Aside from the use of hydrogen there are other steps that can be taken to improve the system’s overall efficiency. The plant performance is optimized with the Siemens Energy Omnivise intelligent control system. Finally, an optional heat recovery system with heat pumps and thermal storage can utilise the waste heat and increase the overall plant efficiency.

As a combined cycle plant, it already utilises the waste heat from the gas turbine, but additional efficiencies can be gained by also using the waste heat produced by the electrolyzers. Using a high-temperature heat pump the waste heat can be fed into district heating systems which only require input heat in the range of 150C.

Making sound economic sense

The system that we have based our example on uses a Siemens Energy SGT5-9000HL gas turbine that can already burn a fuel mix containing up to 50 percent hydrogen. This turbine can be paired with 9 x Silyzer 300 electrolyzers and large scale H2 storage.

For our calculations we have taken what we consider a typical day with optimum weather. Over the 24-hour period the electricity price varies dramatically based on demand and the availability of renewable energy. In the hours from midnight, the electricity price is €70/MWh, it then peaks at around €100/MWh in the morning and evening high -demand periods, dropping as low as €50/MWh at noon. In the future, as the volumes of solar power increase, the variation over the 24-hour period would be even more dramatic. With optimum weather conditions and the sun shining brightly, the price does not climb above €10/MWh between 9 am and 5 pm, and even dips into negative figures for five hours during the day, reaching a low of -€40 in the early afternoon. During these nine hours, the average electricity price is -6.8 euros/MWh.

Not an ideal scenario for a power plant operator. However, if that power plant was coupled with electrolyzers to produce hydrogen, the picture is far more advantageous. During the nine hours of low prices, the power plant could be shut down and power from the grid could be diverted to the electrolyzers to produce green hydrogen, which could be stored and used for co-firing in the gas turbines later saving on fuel, increasing grid earnings through the provision of primary frequency control by both the power plant and the electrolyzer, and reducing CO2 emissions.

This changes the revenue outlook dramatically. Under the assumption that the natural gas price is €8/MMBTU, and the current rate of CO2 tax is €55 over the day, there is a total daily savings of €45,401. This comprises €23,431 saving on fuel, an extra €11,425 in grid earnings and a reduction of CO2 tax of €10,545. Aside from the financial benefit, there is also improved environmental performance with a reduction in CO2 emissions of over 190 tons a day.

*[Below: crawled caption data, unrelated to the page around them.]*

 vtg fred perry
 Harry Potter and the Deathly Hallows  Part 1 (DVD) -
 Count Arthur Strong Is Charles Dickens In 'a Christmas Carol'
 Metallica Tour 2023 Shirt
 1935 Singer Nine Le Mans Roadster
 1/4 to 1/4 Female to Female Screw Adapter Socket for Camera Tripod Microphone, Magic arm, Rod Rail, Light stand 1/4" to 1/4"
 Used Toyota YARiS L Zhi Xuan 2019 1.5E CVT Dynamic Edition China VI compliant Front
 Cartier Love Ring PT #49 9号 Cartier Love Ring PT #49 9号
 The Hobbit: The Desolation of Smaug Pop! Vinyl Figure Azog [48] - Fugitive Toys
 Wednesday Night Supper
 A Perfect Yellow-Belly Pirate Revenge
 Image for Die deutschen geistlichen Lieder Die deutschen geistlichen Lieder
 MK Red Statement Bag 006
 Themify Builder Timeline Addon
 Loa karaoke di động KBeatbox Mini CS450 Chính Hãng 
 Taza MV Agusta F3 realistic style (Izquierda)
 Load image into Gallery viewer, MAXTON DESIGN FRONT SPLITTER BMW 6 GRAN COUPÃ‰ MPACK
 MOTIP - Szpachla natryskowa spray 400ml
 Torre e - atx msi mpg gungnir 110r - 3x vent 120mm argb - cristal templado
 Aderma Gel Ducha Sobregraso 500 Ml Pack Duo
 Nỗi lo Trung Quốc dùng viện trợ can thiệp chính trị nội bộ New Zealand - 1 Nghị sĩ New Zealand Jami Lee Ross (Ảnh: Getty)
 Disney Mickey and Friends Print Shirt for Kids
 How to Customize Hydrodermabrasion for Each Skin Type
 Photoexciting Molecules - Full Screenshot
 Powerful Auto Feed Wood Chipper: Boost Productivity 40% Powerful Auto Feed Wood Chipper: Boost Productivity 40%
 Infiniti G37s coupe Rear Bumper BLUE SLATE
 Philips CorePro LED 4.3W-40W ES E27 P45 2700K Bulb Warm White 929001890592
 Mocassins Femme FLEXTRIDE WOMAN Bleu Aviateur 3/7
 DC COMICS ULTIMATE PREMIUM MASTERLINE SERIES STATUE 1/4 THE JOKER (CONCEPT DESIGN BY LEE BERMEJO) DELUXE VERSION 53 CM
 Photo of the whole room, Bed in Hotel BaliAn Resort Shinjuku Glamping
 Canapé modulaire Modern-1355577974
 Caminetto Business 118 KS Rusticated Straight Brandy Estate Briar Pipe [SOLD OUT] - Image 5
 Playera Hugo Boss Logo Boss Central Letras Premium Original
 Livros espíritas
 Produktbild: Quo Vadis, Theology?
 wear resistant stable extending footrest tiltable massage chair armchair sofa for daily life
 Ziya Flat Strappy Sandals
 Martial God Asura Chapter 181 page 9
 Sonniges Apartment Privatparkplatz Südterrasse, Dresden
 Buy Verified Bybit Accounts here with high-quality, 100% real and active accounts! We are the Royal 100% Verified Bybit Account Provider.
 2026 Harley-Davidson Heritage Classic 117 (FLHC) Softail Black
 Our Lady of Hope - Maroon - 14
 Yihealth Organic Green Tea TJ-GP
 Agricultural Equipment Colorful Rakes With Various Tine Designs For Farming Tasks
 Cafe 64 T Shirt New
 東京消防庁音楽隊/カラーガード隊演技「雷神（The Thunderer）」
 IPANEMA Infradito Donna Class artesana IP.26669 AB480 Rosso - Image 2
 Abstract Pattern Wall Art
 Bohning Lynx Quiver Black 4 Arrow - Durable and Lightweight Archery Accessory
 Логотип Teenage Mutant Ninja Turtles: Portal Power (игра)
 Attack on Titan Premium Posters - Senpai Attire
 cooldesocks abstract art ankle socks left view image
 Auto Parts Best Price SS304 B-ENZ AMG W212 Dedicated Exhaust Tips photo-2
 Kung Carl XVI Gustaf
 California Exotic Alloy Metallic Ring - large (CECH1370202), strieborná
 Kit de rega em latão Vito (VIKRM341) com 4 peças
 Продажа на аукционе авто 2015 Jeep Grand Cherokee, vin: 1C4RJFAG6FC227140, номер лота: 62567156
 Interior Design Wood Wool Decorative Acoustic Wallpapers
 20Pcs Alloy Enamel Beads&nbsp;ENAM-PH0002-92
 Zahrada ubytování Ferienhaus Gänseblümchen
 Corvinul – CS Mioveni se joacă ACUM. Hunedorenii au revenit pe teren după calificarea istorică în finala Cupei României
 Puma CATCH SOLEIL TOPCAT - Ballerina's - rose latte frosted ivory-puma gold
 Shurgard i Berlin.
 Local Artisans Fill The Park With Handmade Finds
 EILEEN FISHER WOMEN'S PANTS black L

There are other options for using this spare energy, the most feasible being electricity storage of which there are various options including batteries, flywheels, and supercapacitors. While the storage of excess energy in a battery storage solution would be a more efficient and cost saving alternative the size of battery storage required to handle the amount of energy over the day, weeks and months when the energy price is attractive would not be practical. Batteries are an ideal option to top up the grid at times of peak power, but it is not feasible for providing GW-sized electricity to the grid for six or more hours per day. When handling electricity storage at that volume the most realistic option is chemical storage utilising hydrogen.

This solution is not only relevant for large-scale power plants as it was presented for the SGT-9000HL turbine. The optimised standard integration of hydrogen production, storage, re-electrification, and heat recovery can be adapted to power plants of all sizes. A system using the SGT-400 gas turbine can cater for outputs as low as 10 MW. Particularly in Europe, which has smaller district heating systems, this size can still be effective. It also complements the growing trend toward smaller, decentralised power generation.